«В воображении международных институций, предлагавших нам помощь, эвакуация киноархива – это что-то очень простое, будто мы сложим все украинские фильмы в мешок, вывезем, и он полежит до тех пор, пока политики договорятся, – рассказывал во время дискуссии «Кіно і культурна дипломатія» руководитель киноархива Довженко-Центра Александр Телюк. – Конечно, так это не работает». А как должно работать, что произошло вместо эвакуации и вообще, как во время полномасштабной войны живет уникальная институция, занимающаяся сохранением национальной памяти, мы поговорили с Александром, посетив Довженко-Центр, который ни на день не прекращал своей деятельности.

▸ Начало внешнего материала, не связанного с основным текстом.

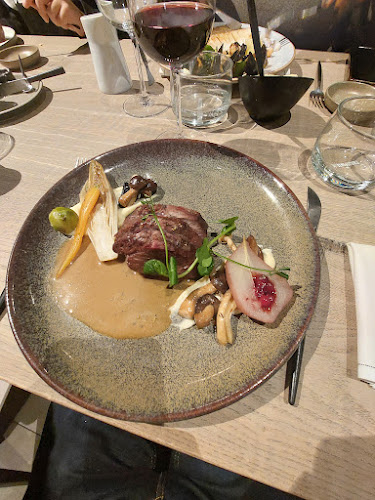 Comentarii opinii despre Cinq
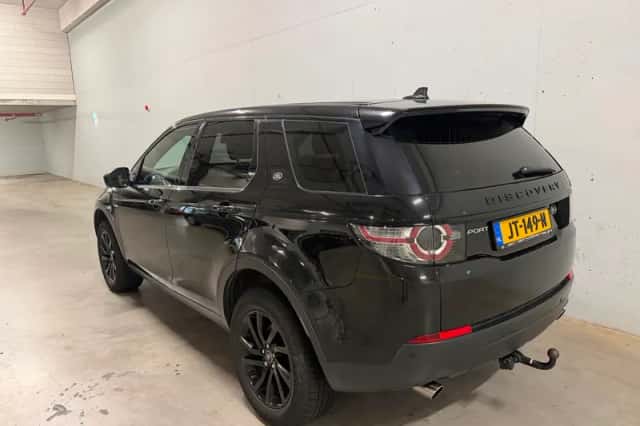 Land Rover Discovery Sport (2016) thumbnail 6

– Александр, я бы хотела вернуться в 24 февраля, чтобы понять, как это: когда все спасают себя и своих близких, осознавать еще и необходимость спасать архив. Был ли у вас какой-то план?
– На 24 февраля у нас был запланировал показ фильма «Сильніше, ніж зброя» Владимира Тихого и объединения Babylon'13 – в рамках цикла, посвященного лентам, в свое время попавшим в список 100 лучших украинских фильмов. Утром мы его отменили, а дальше не очень понимали, как действовать, но было ощущение, что нас ждут большие перемены. Конечно, мы ожидали какой-то реакции от нашего органа управления Министерства культуры Украины (с 30 июня 2022 года Довженко-Центр перешел в управление Государственного агентства Украины по вопросам кино), а этот момент ожидания немного затянулся, так что многим нашим сотрудникам и сотрудницам пришлось действовать с учетом личных планов и обстоятельств, покидать Киев, перемещаться на Запад Украины или за границу. На самом деле это был очень спорный вопрос, потому что, с одной стороны, нужно спасать самих себя, а с другой – нашу коллекцию: кинопленки, бумажный архив, фонд Музея кино. Поэтому сначала на всякий случай было организовано дежурство оставшихся в Киеве людей, а в какой-то момент мы поняли, что должны действовать более проактивно и сами искать возможности для спасения хранящегося у нас национального кинематографического наследия.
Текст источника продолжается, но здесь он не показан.